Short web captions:
┏━━

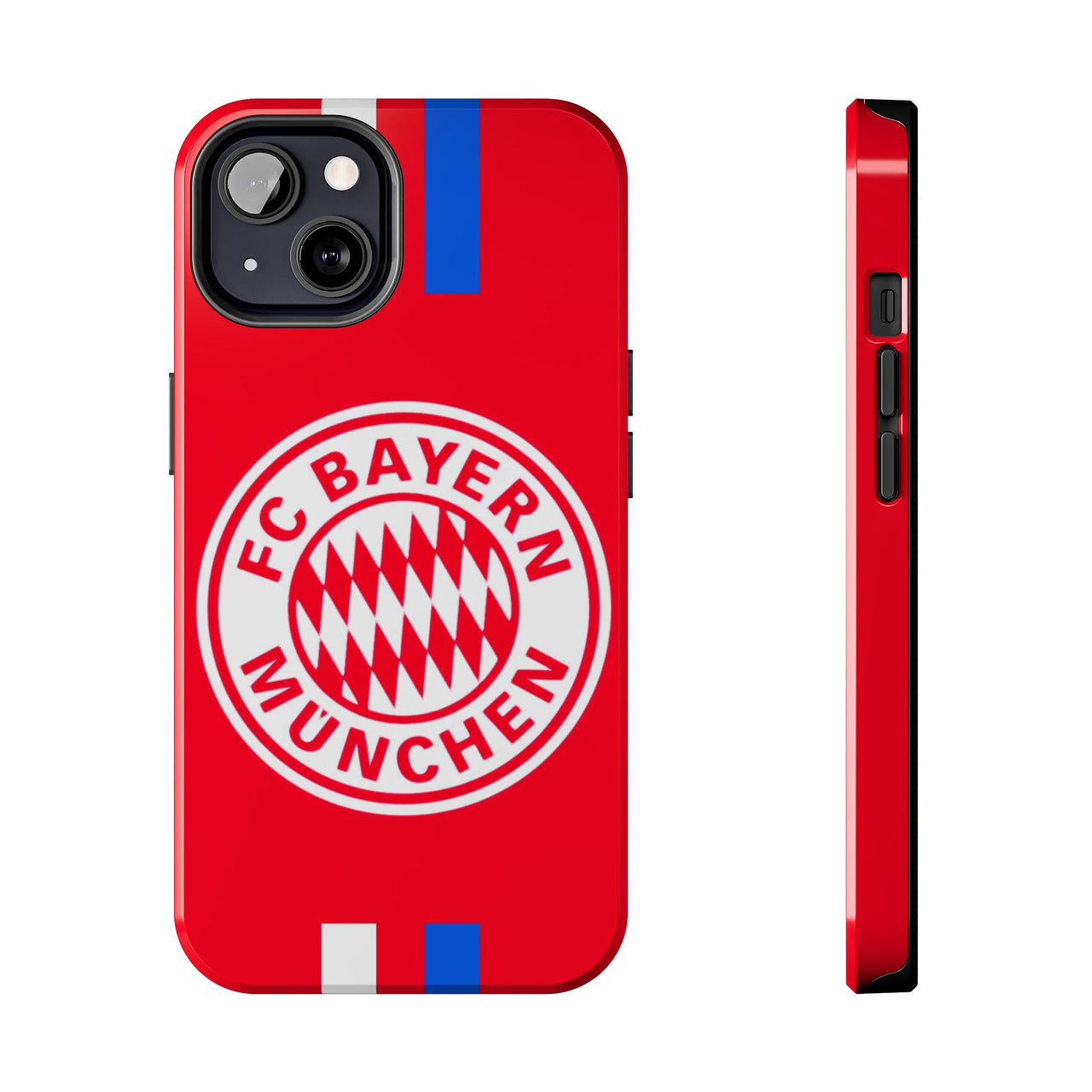 Bayern Munich Mate Tough Phone Case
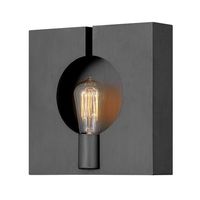 1 Bulb Wall Sconce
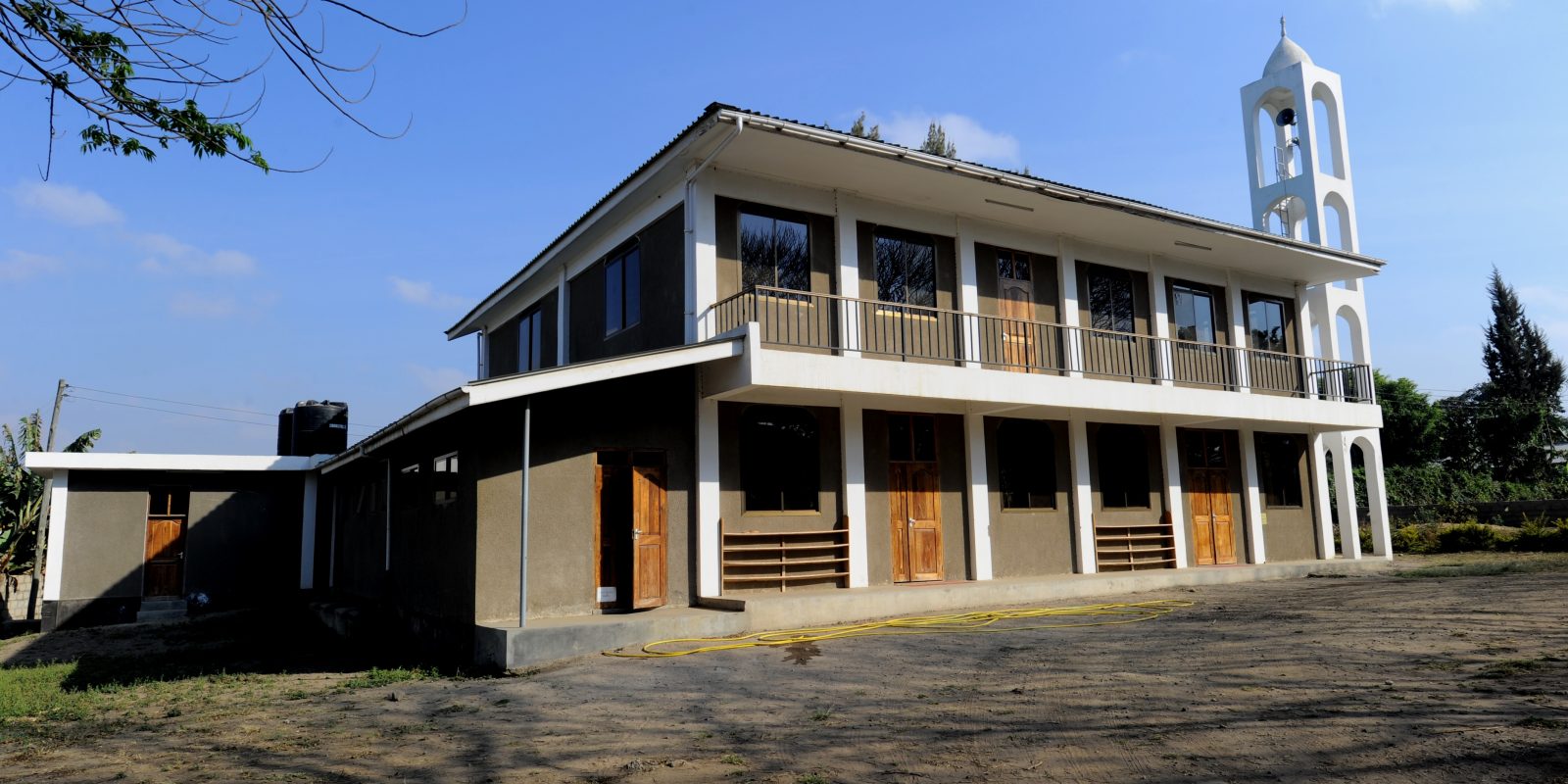 Njiro Mosque
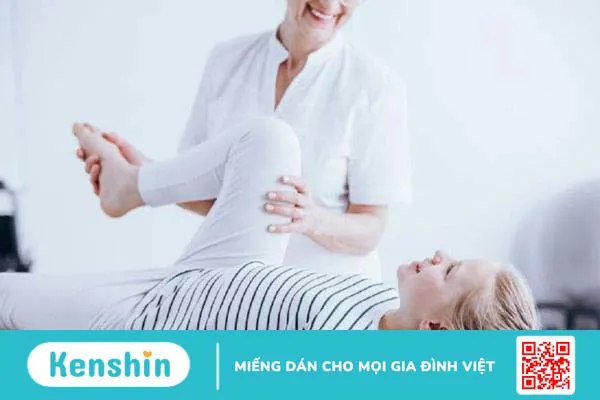 Phương pháp đo tầm vận động khớp là gì? Quy trình thực hiện đo tầm vận động khớp 3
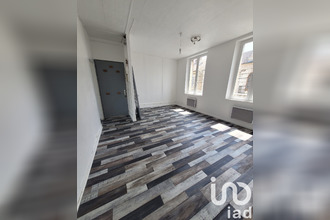 achat appartement liancourt 60140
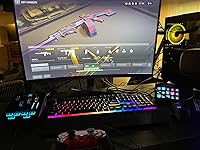 Review Image by Kevin Kevin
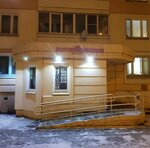 Эстетика ногтей (Krasnaya Gorka Subdistrict, Pobedy Avenue, 4), nail salon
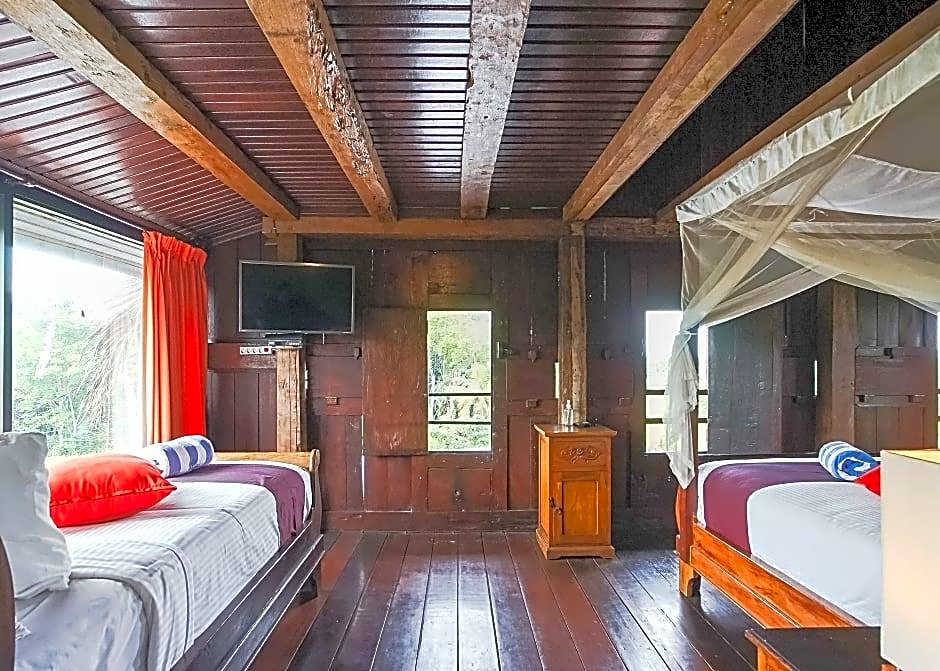 Balam Bali Villa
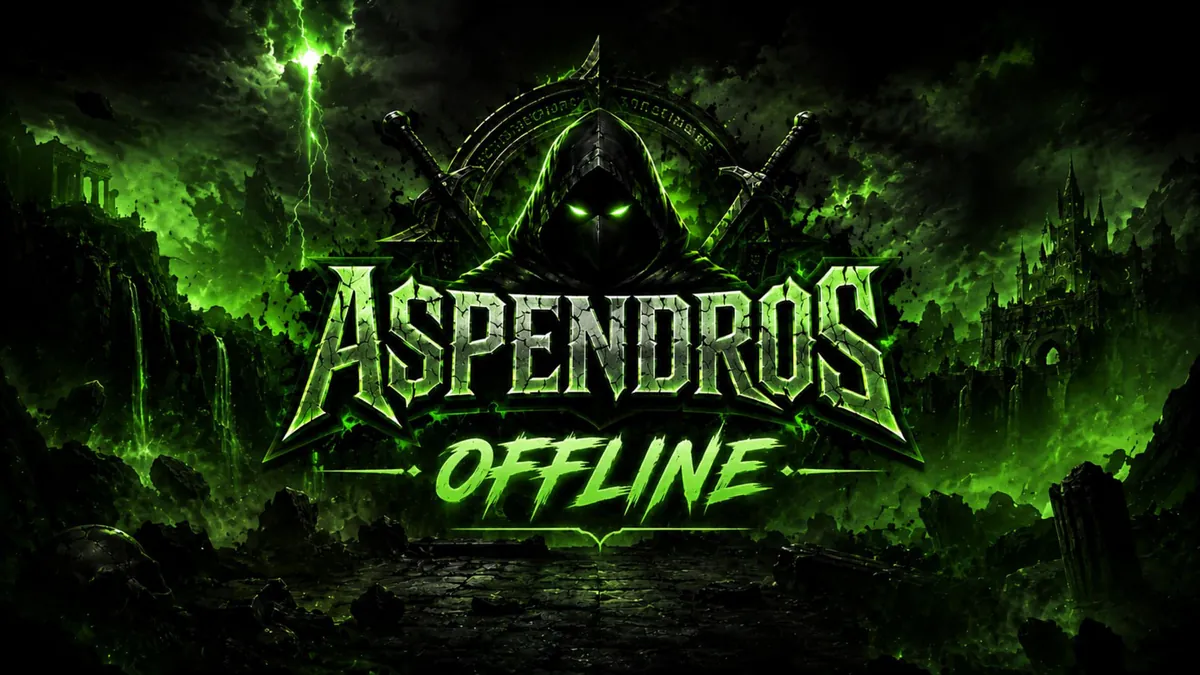 Aspendros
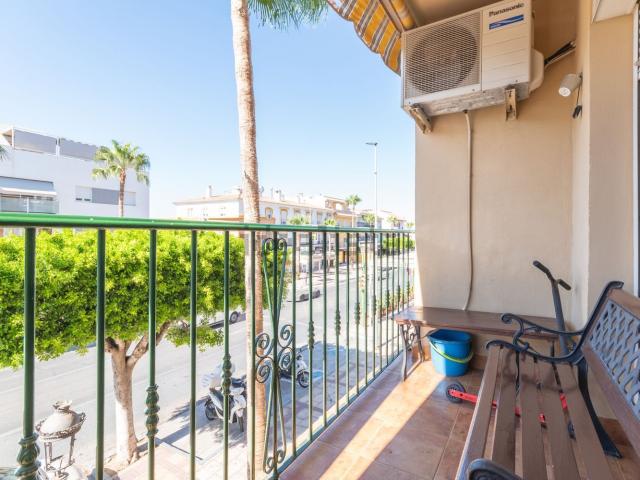 Piso en venta en El Alamillo, Alhaurín De La Torre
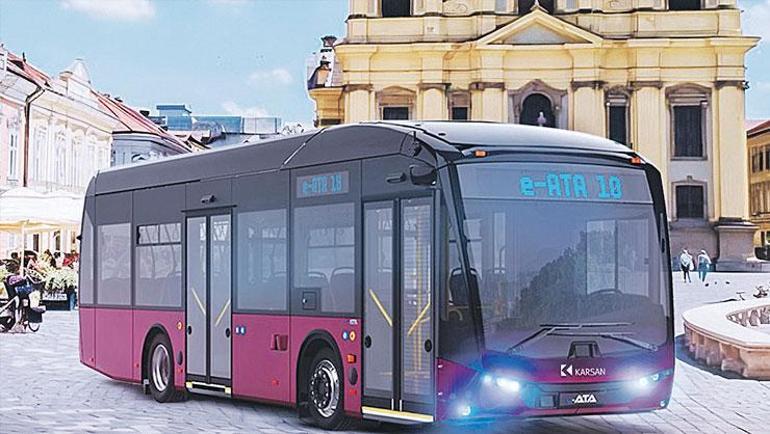 Yeni nesil kamyonlar Avrupa’ya odaklandı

┗━━

Give back the data exactly, with no images.

 Bayern Munich Mate Tough Phone Case
 1 Bulb Wall Sconce
 Njiro Mosque
 Phương pháp đo tầm vận động khớp là gì? Quy trình thực hiện đo tầm vận động khớp 3
 achat appartement liancourt 60140
 Review Image by Kevin Kevin
 Эстетика ногтей (Krasnaya Gorka Subdistrict, Pobedy Avenue, 4), nail salon
 Balam Bali Villa
 Aspendros
 Piso en venta en El Alamillo, Alhaurín De La Torre
 Yeni nesil kamyonlar Avrupa’ya odaklandı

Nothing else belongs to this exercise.